Re: [sqlite] Concurrent read performance

Keith Medcalf Sat, 12 Jan 2013 16:45:19 -0800

No, don't use SQLITE_CONFIG_MULTITHREAD or SQLITE_OPEN_NOMUTEX unless you 
assign one connection per thread (shared nothing other than the database file 
itself).  Also, using shared cache imposes additional serialization.



When you open a database connection, you are allocating a single global data 
structure for that connection.  The connection also has a pointer to a page 
cache control data structure.  When you open a connection in "shared cache" 
mode, you are using the same page cache data structure for multiple 
connections.  If you do not use shared cache, each connection gets its own 
independent page cache and control data structure.

Similarly, when you prepare a statement, you are creating a global data 
structure associated with that statement context, which contains a pointer to 
the connection it was created against, and that connection has a pointer to the 
page cache structures associated with that connection.

When you "execute" a statement (call the step function for example) on any 
given thread, that execution needs to have exclusive access to all those data 
structures (statement, connection, page cache) because allowing the same data 
structure to be modified on multiple threads is unsafe (the library has been 
made threadsafe by enforcing serialized access to the shared data structures -- 
it is not inherently multiple re-entrant.  Similarly, the Operating System will 
serialize all access to the filesystem (obviously because only one operation 
per device can be in progress at a time).

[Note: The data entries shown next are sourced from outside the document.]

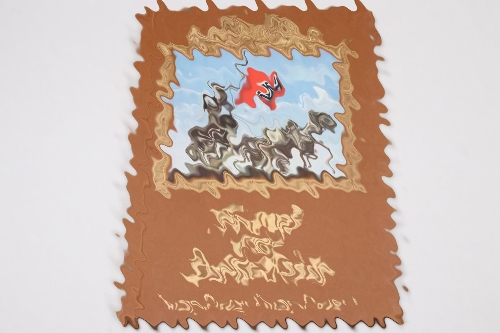 Blank Cigarette card album "Kampf ums Dritte Reich"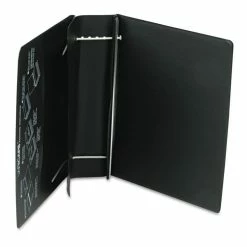 Charles Leonard® VariCap Expandable Binder, 2 Posts, 6" Capacity, 11 X 8.5, Black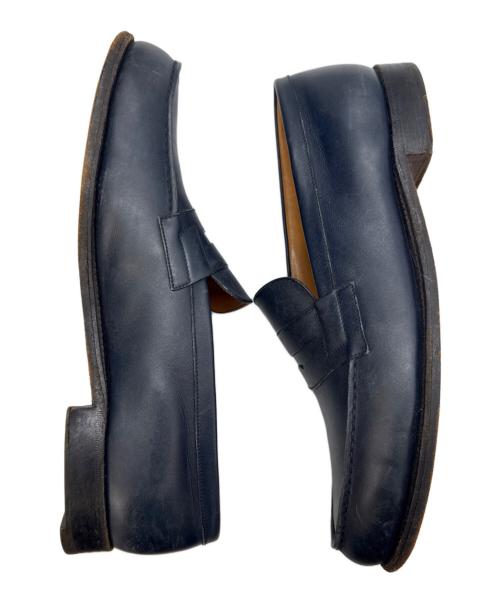 J.M.WESTON（ジェイエムウエストン）J.M.WESTON (ジェイエムウエストン) 180シグネチャーコインローファー ネイビー サイズ:8 Dの古着・服飾アイテム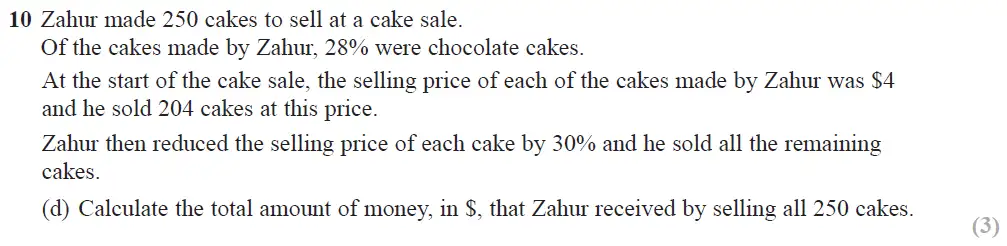 Question 29 - Edexcel IGCSE Maths Past Papers - B Resit Calculator June 2018 - Paper 2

So, all access is always serialized, and the only choice you actually have is 
at what level the access is serialized.  Now then, concurrency is obtained by 
doing "other things that don't conflict" while something that by nature 
requires serial access is progress.  At the OS level, this allows multiple 
processes to "time slice or share" the CPU because I/O (which must be 
serialized) takes an eon of time.  So while one process is doing an I/O, don't 
wait for the operation to complete, but rather allow some other process that 
does not need that particular I/O device to run on the CPU.  When the operation 
is complete, someone else can use that device.  If you have enough processes 
doing enough things simultaneously, they can usefully use 100% of all available 
"serialized" resources by switching and doing a wee bit of each thing as the 
various bits that are required to be available become available.  By judicious 
scheduling of workloads, you can achieve 100% CPU usage, 100% I/O usage and 
 100% memory usage.  If you are very lucky (have well designed computing 
equipment, operating system, and workload) you can achieve this 100% usage of 
all resources simultaneously, and no job will take longer to run that it would 
if it was the only job running on the machine.  Reality is that some resource 
(CPU, Memory, I/O) becomes the bottleneck and limits the ability to achieve 
this state of multiprogramming nirvana.

So, you are telling me that your particular workload is "database bound" and 
does not have any inherent capability for multiprogramming improvement.  That 
is, it does not do enough "not sqlite3" related work in between calls into 
"sqlite3" to allow any concurrency at that level.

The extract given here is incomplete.